Micropapillary patterns (MPs) showed a higher risk for lethal recurrence when compared with high-stage sBOTs. Regarding mBOTs, IECA and microinvasion do not play a role in the lethal recurrence rate.
Micropapillary pattern confirmed as high-risk in BOT. IECA and microinvasion don't play a role in mucinous BOT.
黏液性和浆液性卵巢交界性肿瘤(mBOTs和sBOTs)是存在争议的疾病。
通过本系统评价,我们旨在评估不同的高风险组织病理学特征和复发率。
使用两个检索词在PubMed数据库中进行检索:{浆液性 AND [(交界性) OR (低恶性潜能)] AND 卵巢 AND 肿瘤}和{黏液性 AND [(交界性) OR (低恶性潜能)] AND 卵巢 AND 肿瘤}。

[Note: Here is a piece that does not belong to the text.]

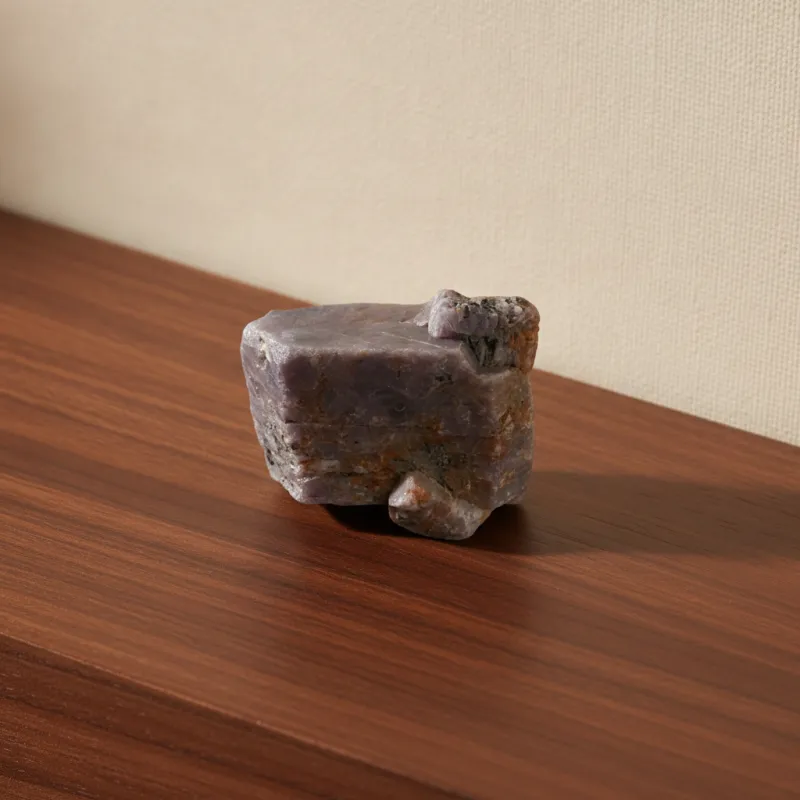 Korund Rubin Rohstein – ca. 35x20 mm #469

sBOT或mBOT队列研究,经过同行评审,回顾性或前瞻性研究。
微乳头模式(MPs)、微浸润、非侵袭性和侵袭性种植以及上皮内癌(IECA)的致死性复发数据。主要疗效指标是致死性复发降低的比值比。
汇总了42项研究中4414例sBOT患者的数据以及12项研究中894例mBOT患者的数据。其中,53.3%为早期典型sBOT,24.4%有MPs,22.3%有微浸润,34.4%有非侵袭性种植,7.3%有侵袭性种植。汇总的致死性复发率分别为:18.3%、16.8%、10.7%、16.2%和33.8%。与高分期sBOT相比,有MPs的患者更易发生致死性复发(比值比,OR 0.501;P = 0.003),而微浸润性sBOT的这一趋势未达到统计学意义。对于mBOT,61.6%为早期典型mBOT,19.6%有微浸润,34.8%有IECA,6例有非侵袭性种植;无侵袭性种植病例。致死性复发率分别为:3.6%、0%、3.7%和0%。
与高分期sBOT相比,微乳头模式(MPs)显示出更高的致死性复发风险。对于mBOT,IECA和微浸润在致死性复发率方面不起作用。
微乳头模式在BOT中被确认为高风险。IECA和微浸润在黏液性BOT中不起作用。